The theme tune of the comedy sketch, Community, is a very catchy tune. However, the theme tune for the News is serious and droning, with no singing or catchiness. The news starts off by being outside and not in ta studio, but in Community it starts in a studio which is set out to look like the college. Neither of them, however, don’t have an opening sequence telling the audience about what was on last week. They both also have an introducing story before they play the opening credits.

After the opening theme tune/credits, Community starts off by acting in a studio (set out like a college) with bright lighting, mainly using medium shots or medium close ups. Community changes what angles and shots they shoot in also, so that the audience can see everything that’s happening in the scene and get a sense of the surrounding. The characters are wearing informal, casual clothes because the characters are 18 years old and over, in a community college. However, in the news it starts with a live report from Budapest, where the reporter is shot in medium shots, whilst wearing a smart suit.

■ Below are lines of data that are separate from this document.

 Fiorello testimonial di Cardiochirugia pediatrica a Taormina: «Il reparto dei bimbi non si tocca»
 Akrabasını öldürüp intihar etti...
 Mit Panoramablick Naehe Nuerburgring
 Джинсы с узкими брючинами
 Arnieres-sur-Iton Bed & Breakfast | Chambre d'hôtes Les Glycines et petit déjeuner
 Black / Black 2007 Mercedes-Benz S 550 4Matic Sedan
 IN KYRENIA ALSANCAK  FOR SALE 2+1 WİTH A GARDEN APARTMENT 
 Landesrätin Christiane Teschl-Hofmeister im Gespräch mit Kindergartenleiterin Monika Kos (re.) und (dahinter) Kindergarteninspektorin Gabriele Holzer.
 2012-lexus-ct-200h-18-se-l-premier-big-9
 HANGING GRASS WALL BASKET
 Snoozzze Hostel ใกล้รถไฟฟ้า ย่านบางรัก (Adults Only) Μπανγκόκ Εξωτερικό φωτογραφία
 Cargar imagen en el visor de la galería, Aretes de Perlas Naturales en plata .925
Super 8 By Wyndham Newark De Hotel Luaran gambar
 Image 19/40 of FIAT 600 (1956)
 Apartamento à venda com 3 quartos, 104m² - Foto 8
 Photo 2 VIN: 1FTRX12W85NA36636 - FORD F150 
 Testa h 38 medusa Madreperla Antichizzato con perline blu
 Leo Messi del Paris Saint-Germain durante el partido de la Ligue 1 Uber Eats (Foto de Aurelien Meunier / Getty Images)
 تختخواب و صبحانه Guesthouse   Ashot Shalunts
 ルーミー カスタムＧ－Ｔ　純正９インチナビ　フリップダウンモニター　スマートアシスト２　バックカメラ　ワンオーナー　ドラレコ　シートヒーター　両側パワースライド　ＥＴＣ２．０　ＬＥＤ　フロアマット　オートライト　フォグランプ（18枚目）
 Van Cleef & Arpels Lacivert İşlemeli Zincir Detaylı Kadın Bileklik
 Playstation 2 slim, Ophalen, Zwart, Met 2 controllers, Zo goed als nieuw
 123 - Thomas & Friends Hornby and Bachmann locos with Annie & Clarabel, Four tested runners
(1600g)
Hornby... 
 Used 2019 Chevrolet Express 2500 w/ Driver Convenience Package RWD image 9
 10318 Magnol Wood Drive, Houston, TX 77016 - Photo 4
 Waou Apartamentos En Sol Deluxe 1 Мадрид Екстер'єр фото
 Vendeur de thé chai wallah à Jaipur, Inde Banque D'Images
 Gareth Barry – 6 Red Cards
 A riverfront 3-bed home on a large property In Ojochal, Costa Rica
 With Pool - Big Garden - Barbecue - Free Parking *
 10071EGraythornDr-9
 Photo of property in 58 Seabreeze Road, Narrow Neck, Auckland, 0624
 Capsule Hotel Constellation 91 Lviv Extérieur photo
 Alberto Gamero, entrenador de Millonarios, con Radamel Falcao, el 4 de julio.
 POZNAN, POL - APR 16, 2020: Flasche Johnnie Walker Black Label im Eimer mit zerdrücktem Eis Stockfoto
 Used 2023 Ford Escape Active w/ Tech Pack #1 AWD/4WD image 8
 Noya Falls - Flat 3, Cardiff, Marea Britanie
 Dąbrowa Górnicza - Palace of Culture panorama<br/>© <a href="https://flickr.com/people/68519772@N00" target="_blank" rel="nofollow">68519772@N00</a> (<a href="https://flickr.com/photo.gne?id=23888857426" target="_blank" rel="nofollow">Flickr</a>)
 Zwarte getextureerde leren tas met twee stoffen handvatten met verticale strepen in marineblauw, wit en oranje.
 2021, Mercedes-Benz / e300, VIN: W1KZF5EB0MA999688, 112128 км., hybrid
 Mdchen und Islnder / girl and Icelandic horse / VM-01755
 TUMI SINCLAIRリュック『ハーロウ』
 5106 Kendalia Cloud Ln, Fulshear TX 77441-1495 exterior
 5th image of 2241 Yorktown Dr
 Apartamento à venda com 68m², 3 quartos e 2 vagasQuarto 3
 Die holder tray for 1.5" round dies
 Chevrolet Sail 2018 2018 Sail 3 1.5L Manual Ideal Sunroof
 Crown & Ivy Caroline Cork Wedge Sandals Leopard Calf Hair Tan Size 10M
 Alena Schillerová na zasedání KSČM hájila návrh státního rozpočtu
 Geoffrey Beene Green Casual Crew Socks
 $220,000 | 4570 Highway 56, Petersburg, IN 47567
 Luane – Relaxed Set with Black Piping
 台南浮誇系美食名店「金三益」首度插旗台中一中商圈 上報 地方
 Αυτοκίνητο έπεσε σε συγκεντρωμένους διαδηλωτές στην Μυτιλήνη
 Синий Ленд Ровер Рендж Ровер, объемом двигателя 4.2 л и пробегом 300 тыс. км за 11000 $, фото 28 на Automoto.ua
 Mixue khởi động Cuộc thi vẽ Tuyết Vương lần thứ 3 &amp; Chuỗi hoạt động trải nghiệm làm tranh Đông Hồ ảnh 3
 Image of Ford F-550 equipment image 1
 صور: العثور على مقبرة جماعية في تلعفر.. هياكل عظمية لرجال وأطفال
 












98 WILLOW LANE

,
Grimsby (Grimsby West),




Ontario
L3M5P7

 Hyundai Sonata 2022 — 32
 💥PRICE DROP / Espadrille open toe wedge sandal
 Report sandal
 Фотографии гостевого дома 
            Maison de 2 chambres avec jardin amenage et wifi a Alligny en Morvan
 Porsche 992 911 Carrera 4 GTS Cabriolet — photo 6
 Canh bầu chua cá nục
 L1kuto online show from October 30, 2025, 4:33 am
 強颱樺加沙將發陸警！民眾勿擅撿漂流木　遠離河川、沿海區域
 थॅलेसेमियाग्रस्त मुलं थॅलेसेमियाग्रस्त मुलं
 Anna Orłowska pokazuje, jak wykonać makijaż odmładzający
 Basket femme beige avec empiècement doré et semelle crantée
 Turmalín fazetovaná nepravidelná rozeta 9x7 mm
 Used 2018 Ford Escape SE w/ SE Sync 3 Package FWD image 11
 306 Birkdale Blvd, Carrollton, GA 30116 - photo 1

The lighting is dark to show the audience that it’s not a very happy situation that he is in, showing the world the amount of refugee’s there are.

Throughout the whole of the News, they don’t change any angles to low or high, and they very rarely change the shot sizes (they don’t at all while they’re doing a live broadcast). However, when they’re in the studio, they start with a wider shot and then slowly zoom in to get a medium long shot of the presenter. This is similar to Community as it tries to show the audience the surroundings and then zooms in to show the audience the main subject. Whilst they’re in the studio, the lights are very bright, just like in Community. Eventhough they both have bright lighting at this point, they symbolise different things. In Community, it symbolises happiness. However in the studio it’s more of a harsh lighting which may makin the audience feel a little uncomfortable and alert. Throughout the News the presenters barely show any emotion, whereas in Community there is a lot of emotion happening.

In Community it ends on a cliffhanger (on this one episode) and then cuts to the ending credits. But, on the News it cuts back to the live report in Budapest where the reporter finally says “Goodnight” at the end, to directly tell the audience that it’s the end of the show.